The right in question envisages no restrictions on the disclosure of the information contained in the requested documents – including personal data relating to third parties – nor is even a partial blanking of that information provided for. Customers are charged a fee for the exercise of this right.
5.3. Access to the Data Related to A Deceased Person (Section 9 of the DP Code). Under Italy's DP legislation, the right to access the data related to a deceased person may be exercised "by anyone with a vested interest therein, or else acting to protect the data subject, or else on account of family-related reasons deserving to be upheld." (section 9(3) of the DP Code) Therefore, any entity fulfilling any of the above conditions is entitled to exercise the access right to personal data related to a deceased person – including banking and financial information.
This means that a bank is required to provide intelligible information to the entities mentioned in section 9(3) of the DP Code on a deceased person's assets, bank transactions, bearer deposits (including accounts closed by third parties after the person passed away), the date on which closure of an account was ordered and/or the date on which the balance of the relevant account was transferred to another account.
Conversely, any information that is personal data related to third parties (not to the data subject) may not be disclosed (see sections 7 and 9(3) of the DP Code). For instance, it is not allowed to communicate the name of the payee of the balance of the deceased person's account because this information does not relate to the deceased customer, but to a third party – of course, this does not apply if the account was held jointly by the applicant for access and the deceased person. By the same token, it is not permitted to grant a request for access to the personal data relating to a deceased person if the request is aimed at becoming apprised specifically of the name of the person the deceased had entrusted with performing certain banking transactions.
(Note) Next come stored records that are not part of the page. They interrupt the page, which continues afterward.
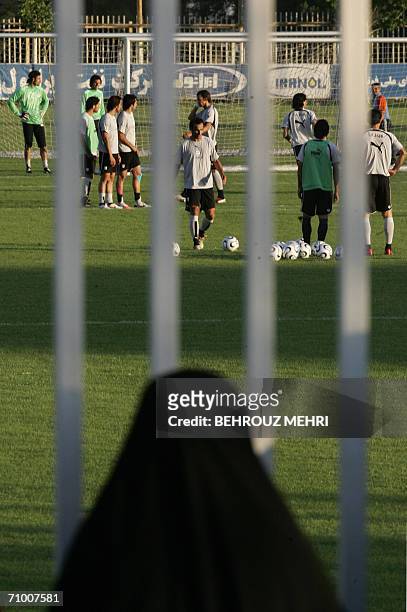 An Iranian woman watches a training session of Iran's national football team from behind a fence as females were not allowed to enter the stadium at...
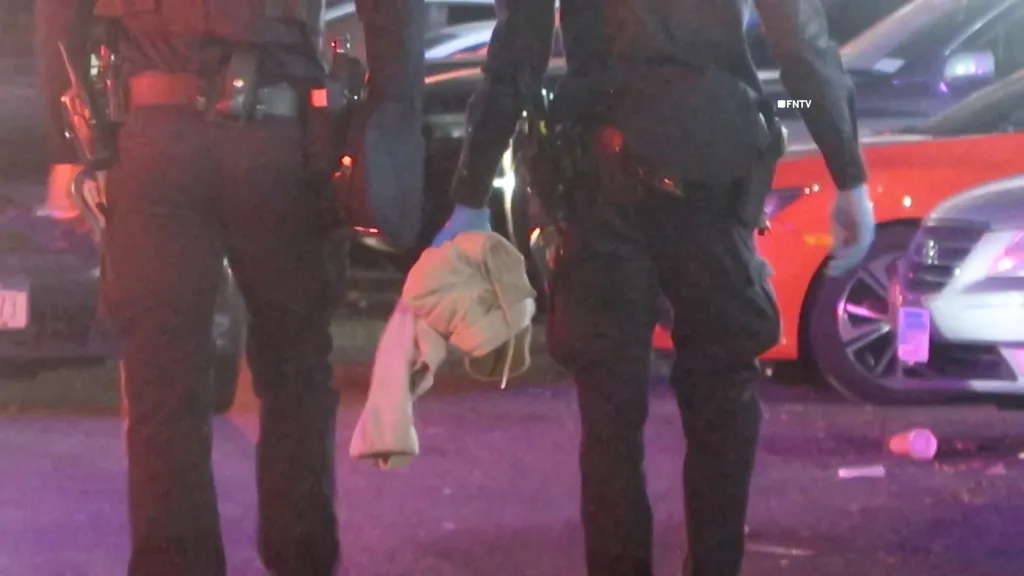 Police investigate the scene of a shooting on Wednesday, Oct. 7, 2026, in Manhattan, New York. A 15-year-old male was killed and a 57-year-old male was injured in the shooting, and a person of interest was taken into custody at the scene.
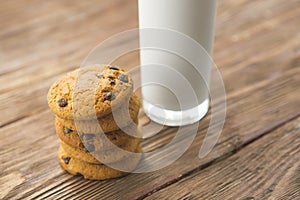 Cookies and milk on wooden table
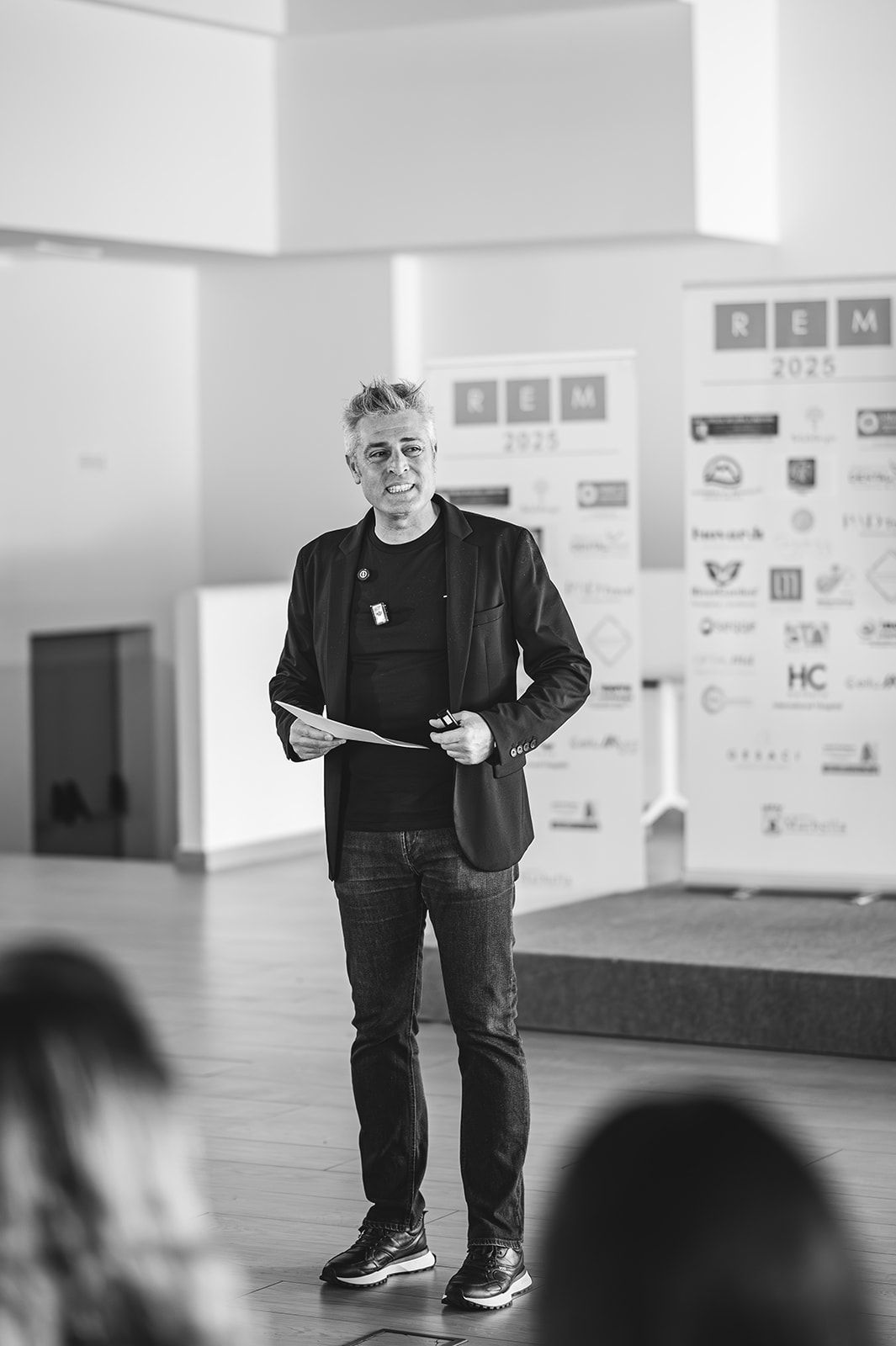 Un ponente sobre el escenario, con una chaqueta negra, dirigiéndose al público en un evento en un espacio cerrado.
5.4. Access to Personal Data under Section 7 of the DP Code and Bankruptcy Proceedings. The right of access under section 7 of the DP Code may be exercised by a bankrupt where the latter has been disqualified – on account of the bankruptcy declaration – from managing his/her estate. Management of the bankrupt's estate as committed to the receiver does not include personal rights, which may be exercised without the receiver's authorisation and/or interposition.